Terrorists regrouping, plotting attacks, officials say
Goss, Rumsfeld urge Congress to pass Bush military budget
By Katherine Shrader
Associated Press
Published February 17, 2005
WASHINGTON -- Speaking with one voice, President Bush's top intelligence and military officials said Wednesday that terrorists are regrouping for possible new strikes against the United States.
They said the best defense is for Congress to approve the president's military and anti-terror budget.
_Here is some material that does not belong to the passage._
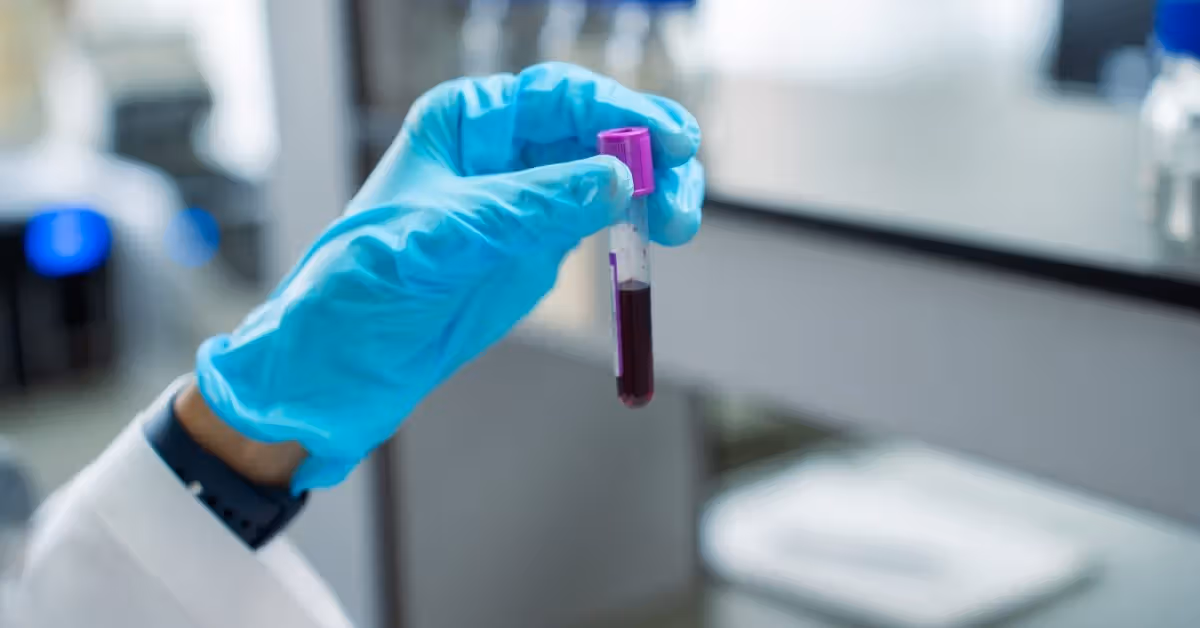 AI-enhanced biomarker blood test may detect pancreatic cancer earlier, study suggests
But some in Congress, including prominent Republicans, are questioning some of that spending.
Offering few specifics on terror threats, Defense Secretary Donald Rumsfeld told a House hearing that the government could reasonably predict that attacks would come from terrorism, weapons of mass destruction and other means.
New CIA Director Porter Goss told the
Senate Intelligence Committee that the Iraq war is giving terrorists experience and contacts for future attacks, and FBI Director Robert Mueller expressed worry that a sleeper operative in the U.S. may have been in place for years, awaiting orders for an attack.
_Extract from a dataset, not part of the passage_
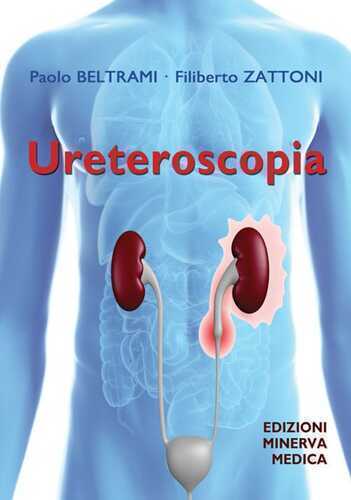 Ureteroscopia — Paolo Beltrami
"I remain very concerned about what we are not seeing," Mueller said in remarks he submitted to the senators.
Rumsfeld told the House Armed Services Committee that the proposed $419 billion defense package for 2006 would set an ambitious course to "continue prosecuting the war and to attack its ideological underpinnings."
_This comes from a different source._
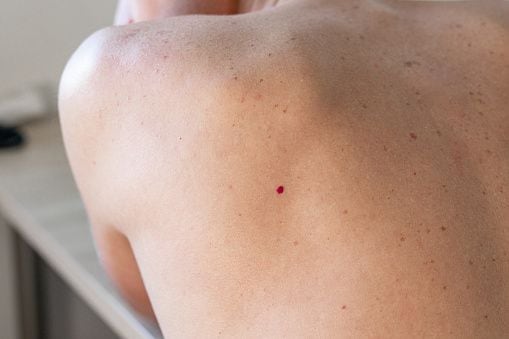 Angiomas rojas que pueden aparecer en la piel.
Yet the Republican-controlled Congress may reject White House requests to simply sign the checks.
House Majority
Leader Tom DeLay and Rep. Jerry Lewis (R-Calif.), the new chairman of the House Appropriations Committee, said lawmakers are questioning billions in foreign aid and State Department spending that Bush requested in an emergency bill this week.
DeLay (R-Texas) said some of Bush's foreign aid proposals "probably do not qualify" for the expedited treatment he's seeking.
Senior administration officials appearing at congressional hearings Wednesday described a Muslim extremist threat that has become more diffuse, encompassing Al Qaeda and like-minded associates.
Goss said Al Qaeda remains intent on circumventing U.S. security measures and attacking the United States.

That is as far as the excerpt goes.